/kaggle-boston-housing

Regression Project on Kaggle: Predicting Housing Values in Suburbs of Boston

Primary LanguageJupyter Notebook

Boston Housing

Predicting Housing Values in Suburbs of Boston

Background

In this project, I will evaluate the performance and predictive power of a model that has been trained and tested on data collected from homes in suburbs of Boston, Massachusetts. This model would prove to be invaluable for someone like a real estate agent who could make use of such information on a daily basis.

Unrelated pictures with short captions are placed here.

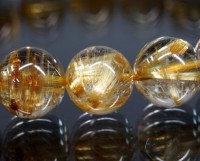 タイチンルチル ブレスレット 15mm玉 No.23|ブレスレット|タイチンルチルクォーツ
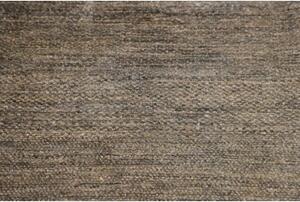 Tappeto Essenzia Tinta Unita Grigio Tortora Beige Corsia 77x309 Cm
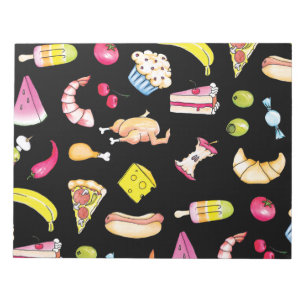 Lebensmittel Notizblock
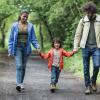 Family enjoying a kid-friendly hike near Seattle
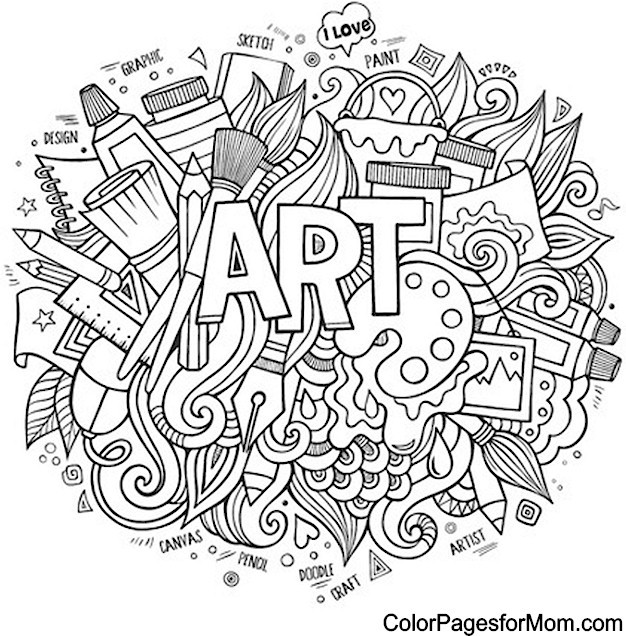 Best ideas about Coloring Pages For Teens Roll
. Save or Pin Doodles 24 Advanced Coloring Pages Now.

The dataset for this project originates from the UCI Machine Learning Repository. The Boston housing data was collected in 1978 and each of the 506 entries represent aggregated data about 14 features for homes from various suburbs in Boston, Massachusetts.

The medv variable is the target variable.

Data description

The Boston data frame has 506 rows and 14 columns.

This data frame contains the following columns:

crim: per capita crime rate by town.

zn: proportion of residential land zoned for lots over 25,000 sq.ft.

indus: proportion of non-retail business acres per town.

chas: Charles River dummy variable (= 1 if tract bounds river; 0 otherwise).

nox: nitrogen oxides concentration (parts per 10 million).

rm: average number of rooms per dwelling.

age: proportion of owner-occupied units built prior to 1940.

dis: weighted mean of distances to five Boston employment centres.

rad: index of accessibility to radial highways.

tax: full-value property-tax rate per $10,000.

ptratio: pupil-teacher ratio by town.

black: 1000(Bk - 0.63)^2 where Bk is the proportion of blacks by town.

lstat: lower status of the population (percent).

medv: median value of owner-occupied homes in $1000s.